▸ **WHAT IS BEING ASKED**
Only one stretch of the records below is wanted: the lines from the one holding "Celebración por el aniversario de Arequipa" through the one holding "APOSIMZ: TIERRA DE". Return it exactly, both ends included.

▸ **DATA**

--------

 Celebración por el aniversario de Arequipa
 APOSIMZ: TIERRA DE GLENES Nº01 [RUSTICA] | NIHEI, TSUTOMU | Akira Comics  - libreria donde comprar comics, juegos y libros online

--------

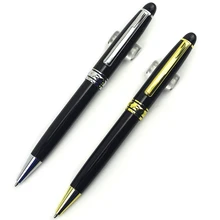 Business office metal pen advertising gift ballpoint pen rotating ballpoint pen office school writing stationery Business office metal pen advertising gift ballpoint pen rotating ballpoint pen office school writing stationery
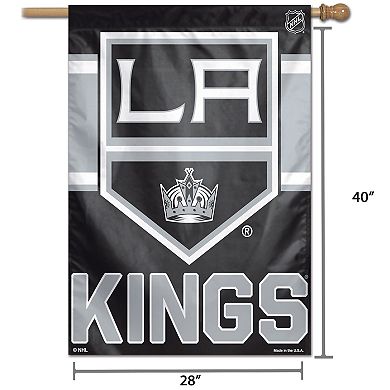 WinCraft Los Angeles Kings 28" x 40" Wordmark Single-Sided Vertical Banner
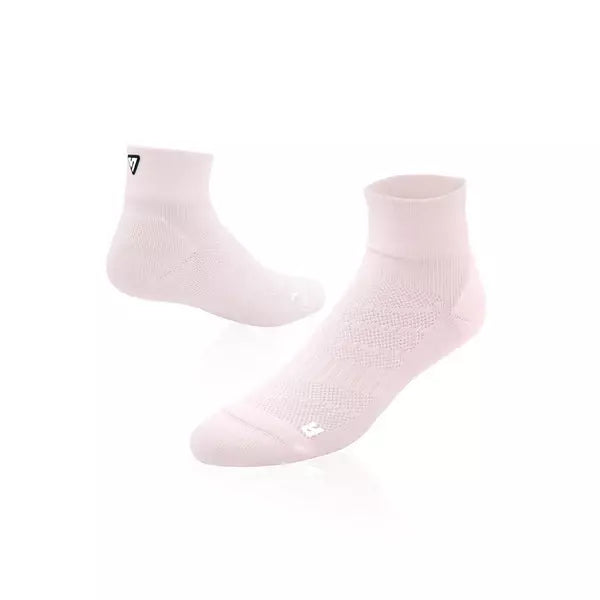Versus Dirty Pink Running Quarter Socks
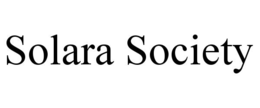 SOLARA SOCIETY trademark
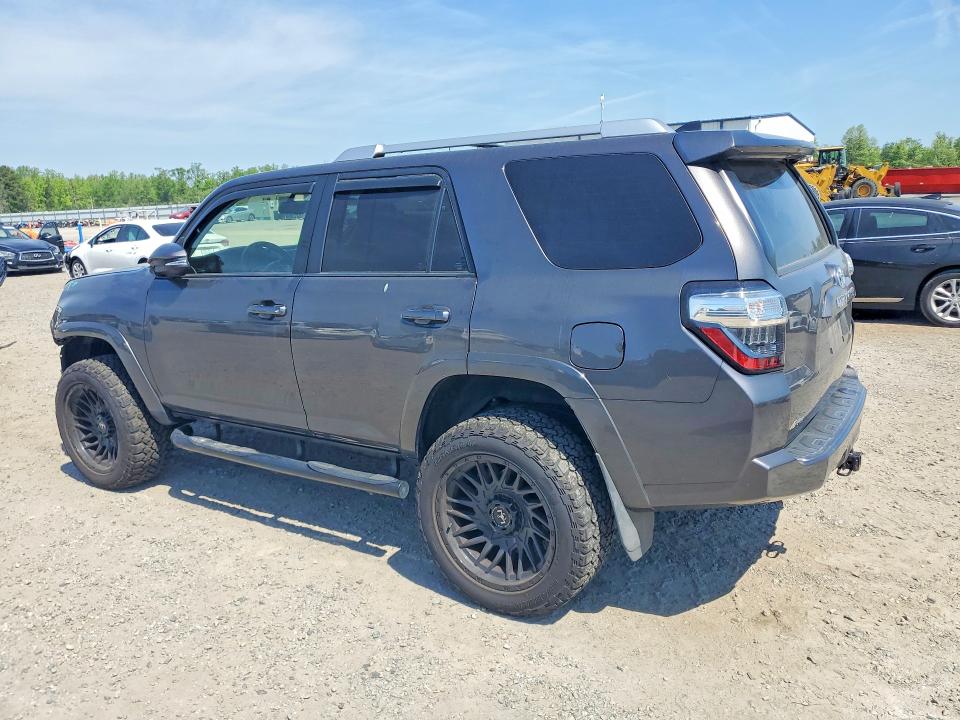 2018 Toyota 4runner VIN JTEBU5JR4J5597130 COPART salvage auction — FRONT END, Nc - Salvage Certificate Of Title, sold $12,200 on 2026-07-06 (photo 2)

--------

▸ **ANSWER BOX**
 Celebración por el aniversario de Arequipa
 APOSIMZ: TIERRA DE GLENES Nº01 [RUSTICA] | NIHEI, TSUTOMU | Akira Comics  - libreria donde comprar comics, juegos y libros online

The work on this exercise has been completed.